Depository receipt – A receipt for money deposited in a bank etc

Global depository receipt is a receipt for equity shares issued abroad and traded in global or international stock exchange. GDR is a dollar denominated instrument traded on a stock exchange in Europe or in USA or both. GDR represents a certain number of underlying equity shares of the issuing company.

A GDR is an instrument issued abroad and is tested and traded in a foreign stock exchange. A GDRs may contains a set of issued shares of the issuing company. A holder of GDRs can at any time convert it into the number of shares that it contain. Once converted the shares listed and traded is the domestic exchange. GDRs do not carry any voting rights.

A GDR is a negotiable instrument denominated in US dollars, that – represents shares issued in a local currency. The shares of the issuing company are issued in the name of an international bank, called the depository who is located in a foreign country.
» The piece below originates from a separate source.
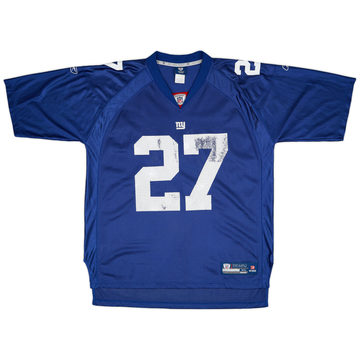 2008-11 New York Giants Jacobs #27 Reebok On Field Maillot domicile - 6/10 - (XL)
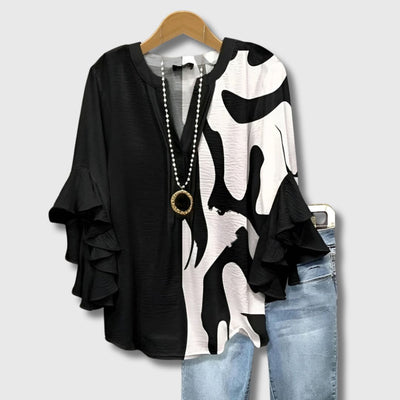 Chantel™ – Blouse élégant cintré pour women au style affirmé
The physical possession of the shares issued are with a “custodian” is the issuing country. The shares are issued to the depository in the local currency. Based on the shares held by it, the depository issues the GDRs in US dollars. The dividend, after withholding taxes etc. is paid by the issuing company to the depositor in the local currency. The depository converts the dividend received into US dollars at the ruling exchange rate and distributes it among the GDR holders. GDRs are bearer instruments and traded freely in international markets either through stock exchange mechanism or an “Over The Counter”(OTC) basis. The settlements are done through international clearing systems like Euro-Clear (Brussels) or CEDEL (London ).

GDRs offer many advantages to the issuing company. The exchange risk is born by the inventors as the payment towards the dividend is made in the local currency. The right to vote is vested only with the depository and is regulated by an agreement between the company and the depository. It enables the company to broaden the capital base by tapping large foreign equity markets.

The value of GDRs depends upon the value of the shares of the company.For the investors, it offers portfolio diversification in a freely traded instrument is a convertible currency.

Now Indian, companies are allowed to tap funds from the International Capital Market through GDRs.

Since 1992, the govt. of India allowed Indian companies to access international capital markets through Euro equity shares. RIL (Reliance India Ltd-Ambani) made the first issue in May 1992 for an amount of $150 million. Up to January 1995, Indian companies had raised $3.6 billion through launching GDR issues, and US $1. billion through launching Euro Convertible Bonds (ECBs).